= Beginning of Section =

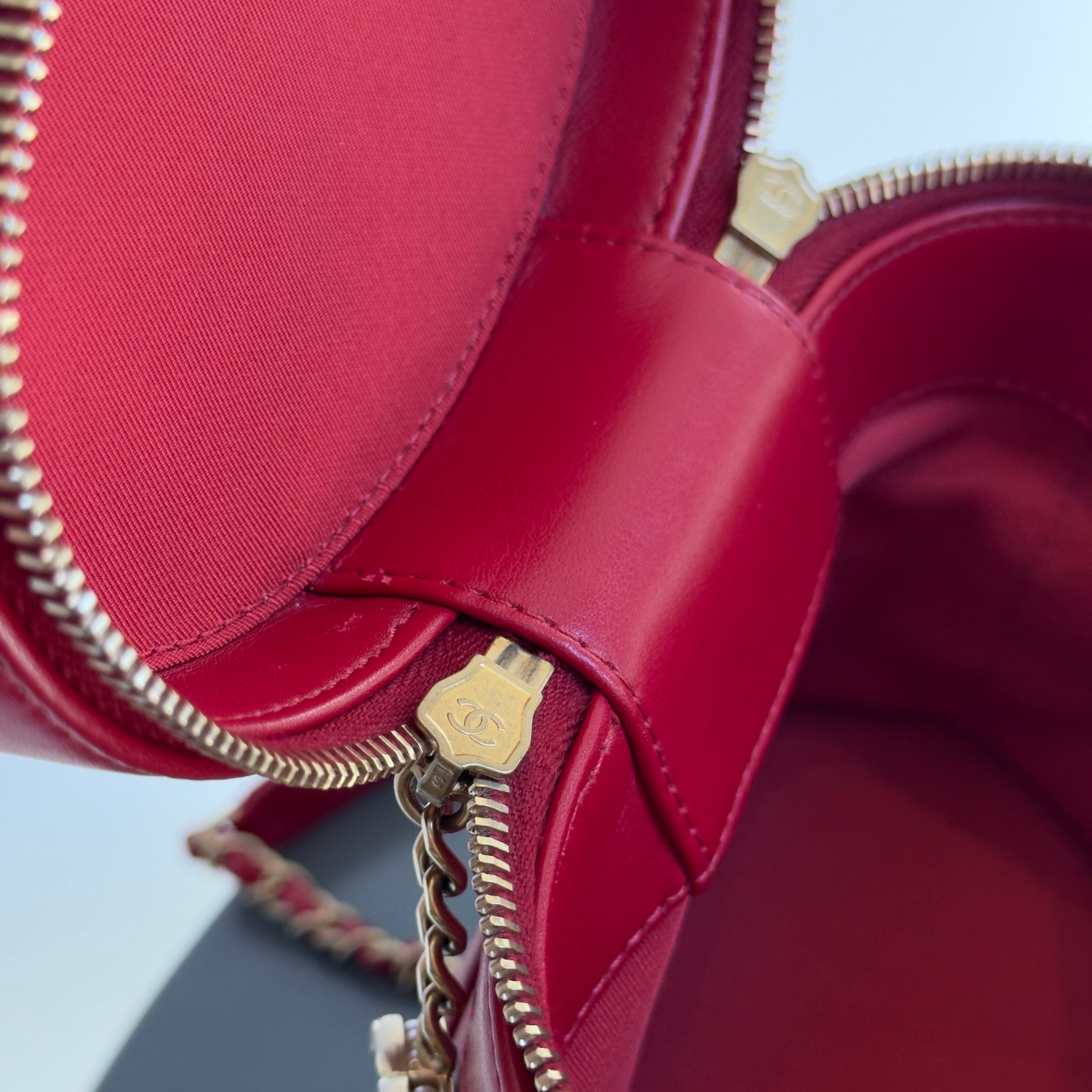 Chanel Pearl Logo Red Top Handle Vanity Case With Chain - Queen May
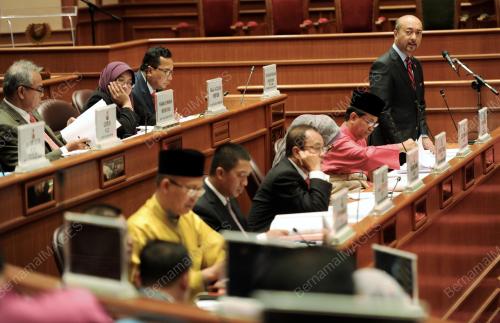 KD04_20082015_SIDANG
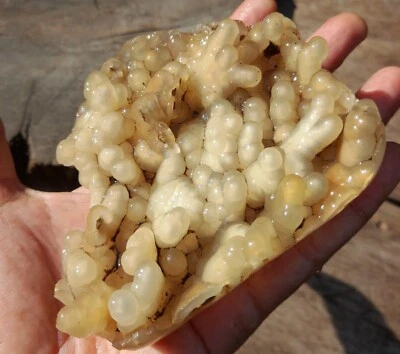 Uniq, Bubbly Botryoidal Chalcedony,  Natural Specimen, Home Display, 410 gr - Image 1 of 4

= End of Section =

When you retype the material above, keep every word exact and drop the images.

ANSWER BELOW
 Chanel Pearl Logo Red Top Handle Vanity Case With Chain - Queen May
 KD04_20082015_SIDANG
 Uniq, Bubbly Botryoidal Chalcedony,  Natural Specimen, Home Display, 410 gr - Image 1 of 4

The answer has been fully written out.